The Skylon spaceship vehicle would operate like an airliner, taking off and landing at a conventional runway. A contract in approach to reach space as we humans have only been able to reach space at the end of a large rocket.

The Skylon is a project by the British company Reaction Engines Limited (REL), they want to change the way we enter space by reintroducing an old idea of a spaceplane and are currently testing the revolutionary Saber engine, which is a combined jet and rocket engine.

Sabre

Sabre is a part jet engine, part rocket engine. It burns hydrogen and oxygen to provide thrust but in the lower atmosphere the source of this oxygen the surrounding atmosphere, just as a jet engine.

Sabre engine.

The Sabre is not a ramjet or scramjet, an airbreathing jet engine in which combustion takes place in supersonic airflow. Instead, the engine is designed to operate much like a conventional jet engine to around Mach 5.5 (1,700 m/s), 26 kilometers (16 mi) altitude. But beyond which the air inlet closes and the engine operates as a highly efficient rocket to orbital speed instead.

The saber engine is a key part of the Skylon project.
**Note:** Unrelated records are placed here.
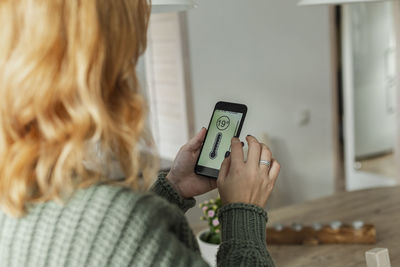 Woman adjusting temperature on smart phone at home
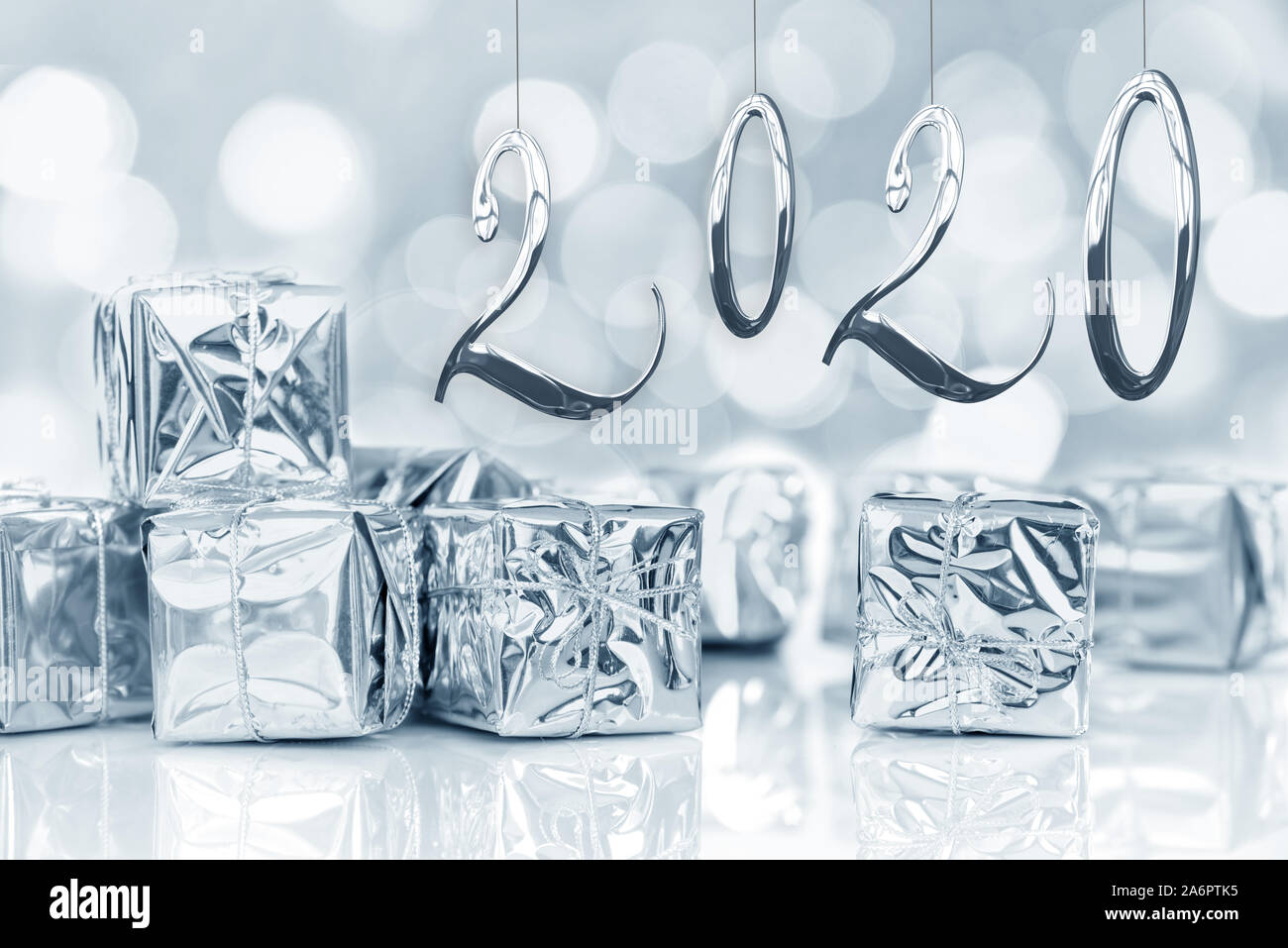 2020, neues Jahr, kleine Weihnachtsgeschenke in glänzendem Silber Papier, bokeh Lichter Hintergrund Stockfoto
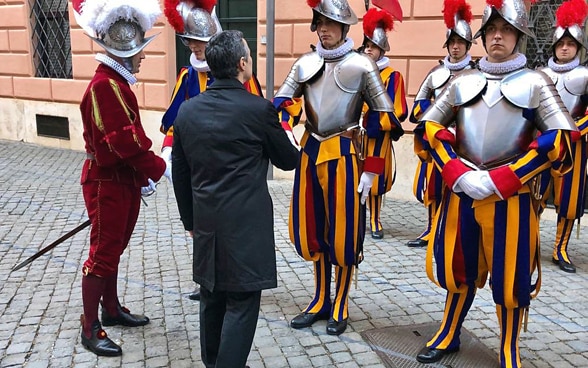 Le conseiller fédéral Ignazio Cassis serre la main d'un garde à l'occasion de la prestation de serment du Vatican le 6 mai 2019.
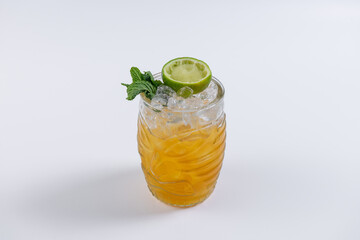 fresh alcoholic cocktail with lime, mint and ice on white background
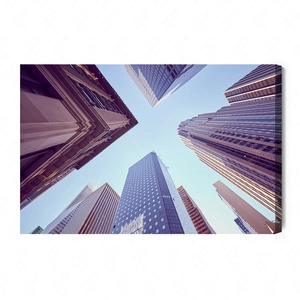 Obraz na płótnie nowojorskie wieżowce 100x70 cm ponadczasowa ozdoba wnętrza obraz w wyrazistej kolorystyce wysoka jakość wykonania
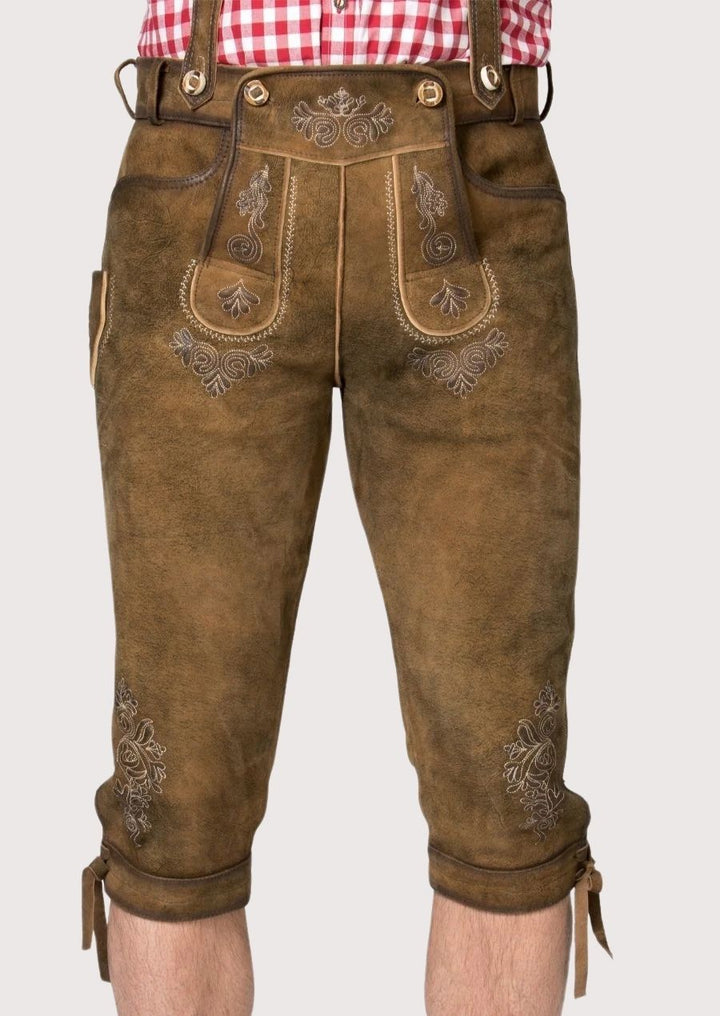 Durable and stylish men's Bundhosen, crafted from luxury leather with adjustable fit and classic embroidery, perfect for winter events.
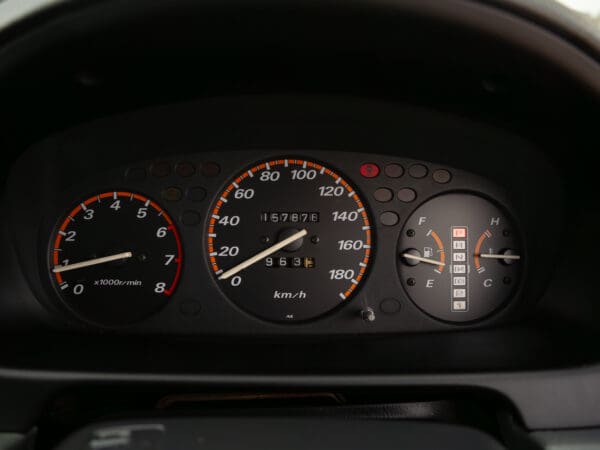 Car dashboard with speedometer and gauges.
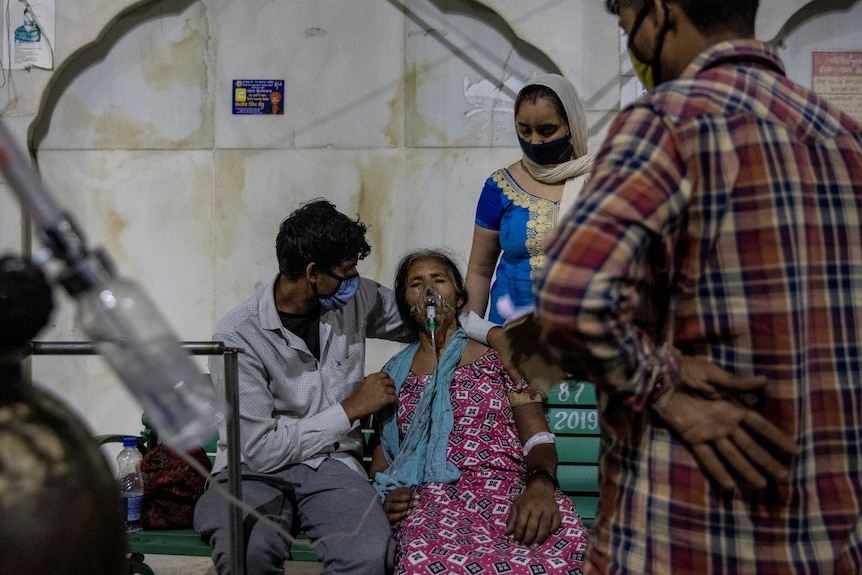 A man cradles a woman who is receiving oxygen while another man and woman watch on. 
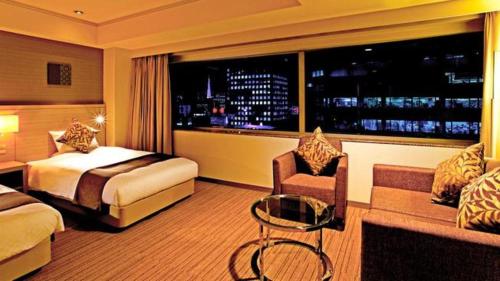 Un ou plusieurs lits dans un hébergement de l'établissement Century Royal Hotel Sapporo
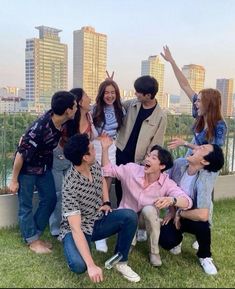 a group of young people standing around each other on top of a grass covered field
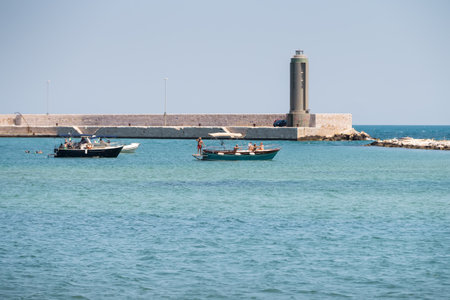 BARI, ITALY - JULY 11,2018, seascape with green lighthouse and a motor boat anchored with people taking sun, Apulia, Italyのeditorial素材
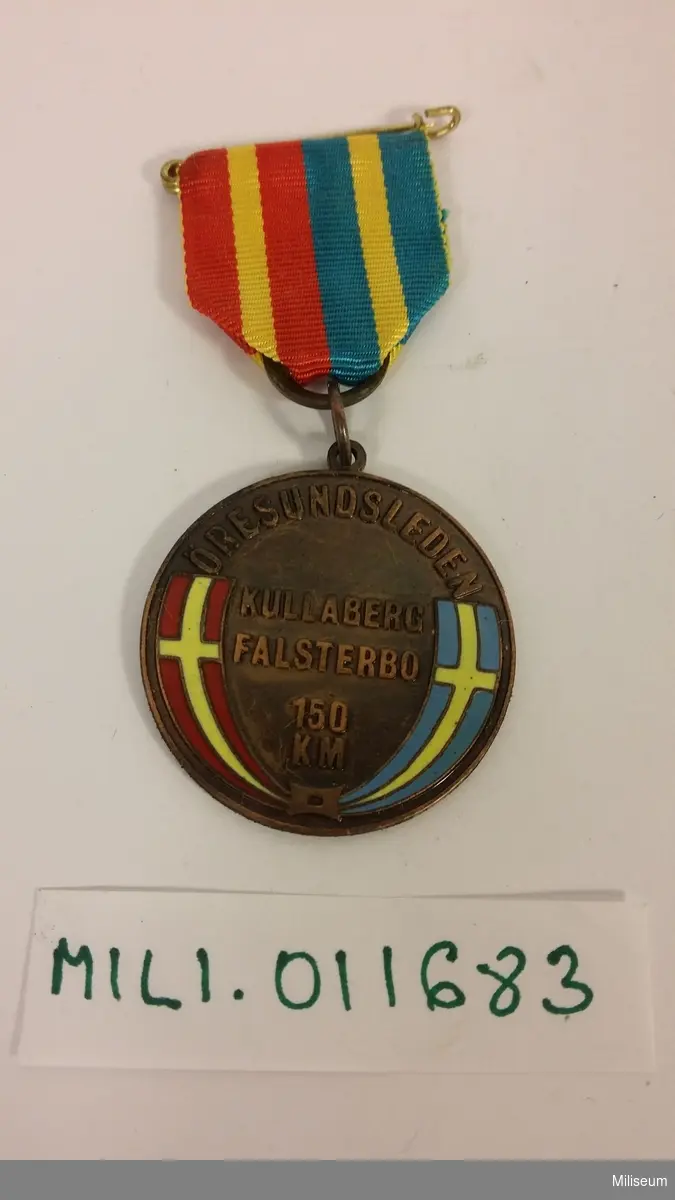 Medalj i valören brons (brons med emalj).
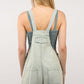 Back view of woman wearing washed frayed hem denim overall romper with side and back pockets, showcasing vintage and eco-friendly casual fashion.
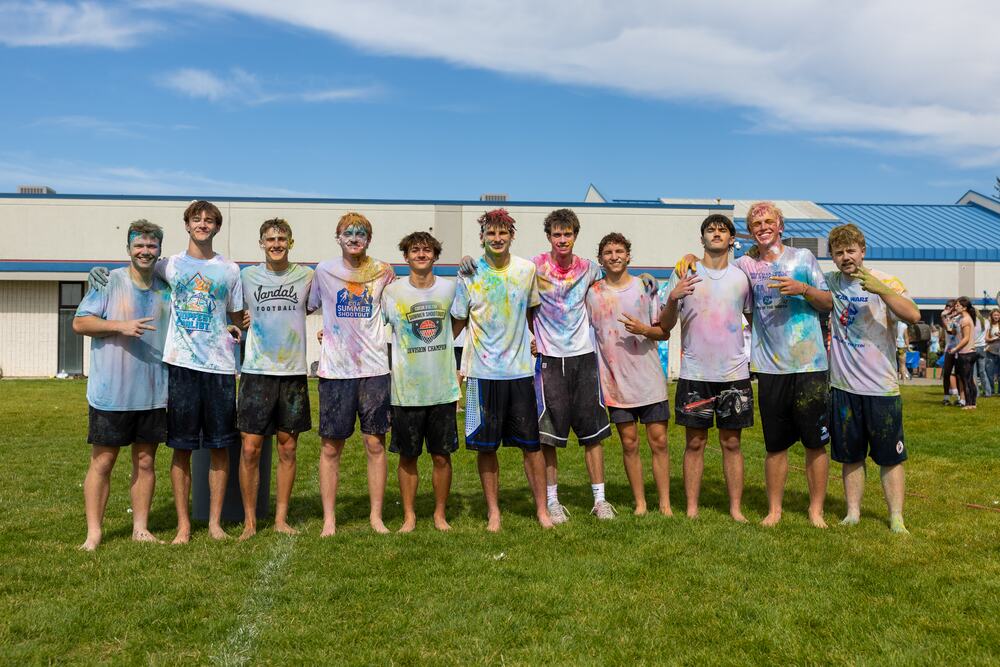 A row of senior boys covered in color, arms around each other in front of the school.
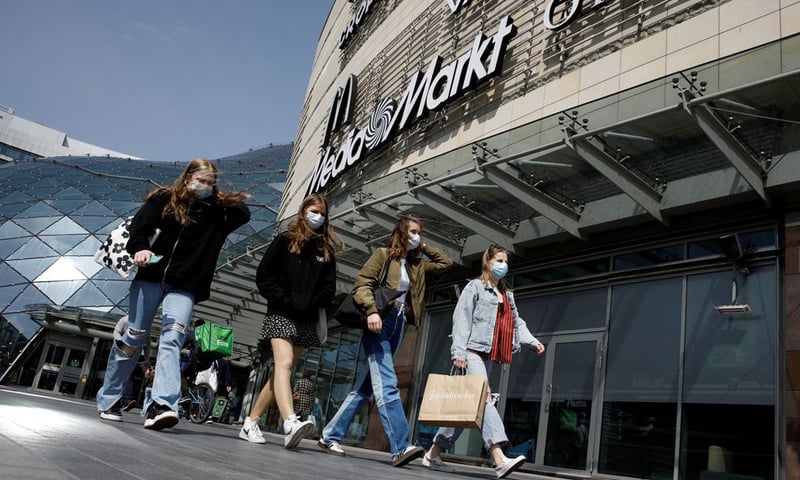 In this file photo, people wearing masks walk in front of the Zlote Tarasy shopping mall in Warsaw, Poland. &mdash; Reuters/File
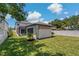 A spacious backyard with a detached structure and manicured landscaping creates privacy at 2109 N Jamaica St, Tampa, FL 33607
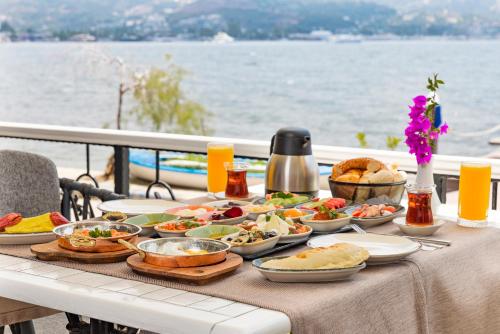 a table with plates of food on a table near the water at Elite Hotel Yalıkavak in Yalıkavak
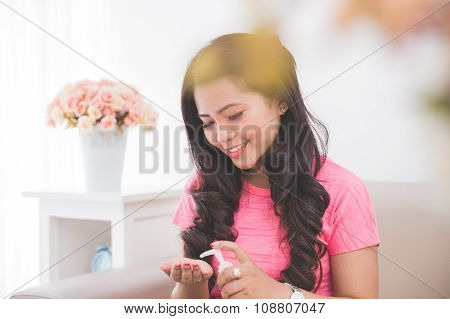 Woman Applying Lotion Into Her Skin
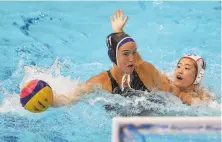  ?? Clive Rose / Getty Images ?? Stanford alum Makenzie Fischer evades pressure from Japan’s Kako Kawaguchi during a preliminar­yround match.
Being developed at the UK’s Oxfordshire-based Reaction Engines Ltd. Presented as an initial prototype of unpiloted, reusable spacecraft that can launch into low-Earth orbit after taking off from a conventional runway.

The spaceplane is to fly at over 5,000 kilometers an hour (3107 miles per hour). At that speed, the air moves so quickly that normal jet engines would melt. Therefore, the Saber engine is equipped with a unique cooling system, which among other things, is using liquid nitrogen.

REL intention is for the Skylon to be a for-profit commercial venture with the spaceplane being manufactured and sold to operators. But REL intends to manufacture some parts, and with other parts of the aircraft being designed and built by aerospace manufacturers.